Tüketim kültürünün dünya pazarlarındaki yeni coğrafyaları keşfetmesiyle birlikte, küresel ekonomiyle paralel şekilde büyüyen perakende sektörü, Türkiye gibi gelişmekte olan ancak bu konudaki hukuki altyapısını tam anlamıyla oluşturamamış ülkelerde birçok sorunu da beraberinde getiriyor. Türkiye özelinde 2000’li yıllardan itibaren günlük hayatın her alanına nüfuz etmeye başlayan alışveriş merkezi (AVM), büyük mağaza ve zincir mağaza gibi yüksek sermayeli yapılar, özellikle küçük çaplı işletmeler ile esnaf ve sanatkarları birçok sıkıntıyla baş başa bırakıyor. 

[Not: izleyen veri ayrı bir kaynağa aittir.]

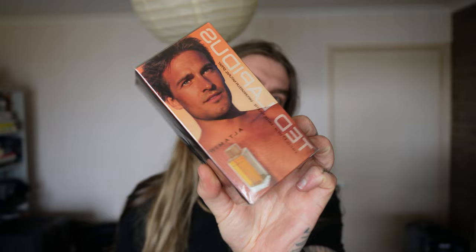What is up my beautiful mates of YouTube, my name is Lozzy Marcel and in today's video I'm going to be unboxing and giving my first impressions of Ted Lapidus's Altamir.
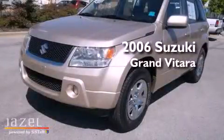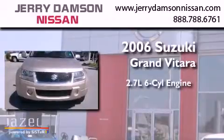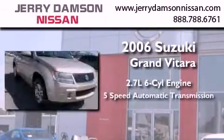This is a 2006 Suzuki Grand Vitara. It features a 2.7-liter, six-cylinder engine and a five-speed automatic transmission.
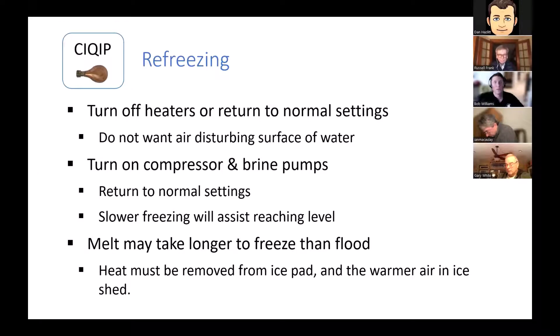You kind of want to go as slow as you can, just like your final flood at end of September — reach a level surface but not necessarily flat yet. It will take longer to freeze than after a flood for a couple of reasons: your brine had probably warmed up, so when I turn the plant back on it's more like 29-30 degrees instead of 19-21. You're not starting from a pad that's willing to accept load — you're starting much higher. On top of that, you've got a bunch of 65-degree air floating around the ice shed that you've got to pull heat out of too.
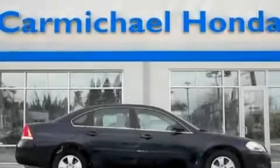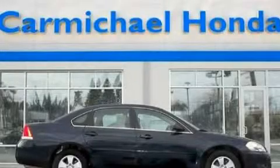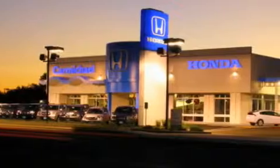Stop by today and test drive this automobile for yourself. Carmichael Honda has everything you need.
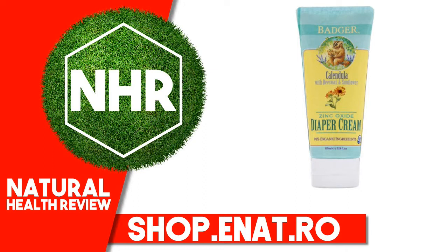Warnings: For external use only. When using this product, keep out of eyes. Rinse with water to remove. Stop use and ask a doctor if rash or irritation develops and lasts, or condition persists for more than 7 days. Keep out of reach of children. If swallowed, get medical help or contact a Poison Control Center right away.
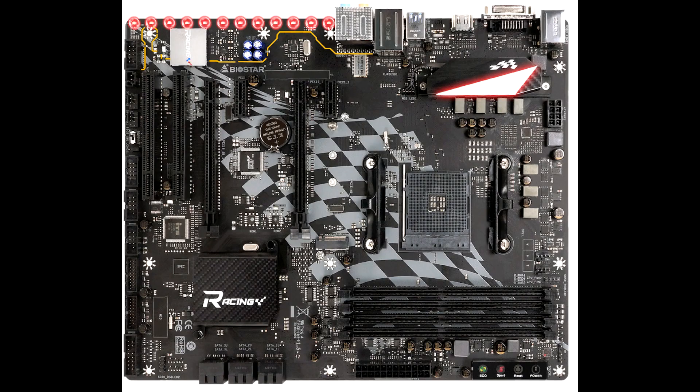Out of the box, the board supports all Ryzen 3000 series processors launched so far, in addition to 1st and 2nd generation Ryzen, A-series, and Athlon Bristol Ridge, which make up pretty much every socket AM4 chip launched so far. The AM4 socket is wired to 4 DDR4 DIMM slots, a PCI Express 3.0 x16 slot, and the board's lone M.2 slot.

Markalı ve kaliteli ürün sloganıyla müşterilerini-kendi deyimleriyle misafirlerini- mağazalarına çekmeye çalışan AVM’ler, son yıllarda çeşitli nedenlerle ticari anlamda gelir kaybı yaşayan esnaf ve sanatkarların hareket alanını iyiden iyiye daraltıyor. Bunun temel nedenleri, açılan hemen her AVM’nin markalı ürün sloganıyla müşterilerine hitap etme isteği ve perakendeye ilişkin bütün unsurları bünyesinde barındırma çabasından kaynaklanıyor. Bu durum, sınırlı potansiyeli olan esnafın elindeki uygun fiyatlı ürün ve birebir satış gücünü elinden alıyor. AVM’lerin orta ve büyük işletmelere vaat ettiği yüksek kar marjına karşın kira, güvenlik ve hizmet bedeli olarak talep ettiği rakamlar, esnaf ve sanatkarların bu alanlarda satış yapmasını önemli ölçüde engelliyor. 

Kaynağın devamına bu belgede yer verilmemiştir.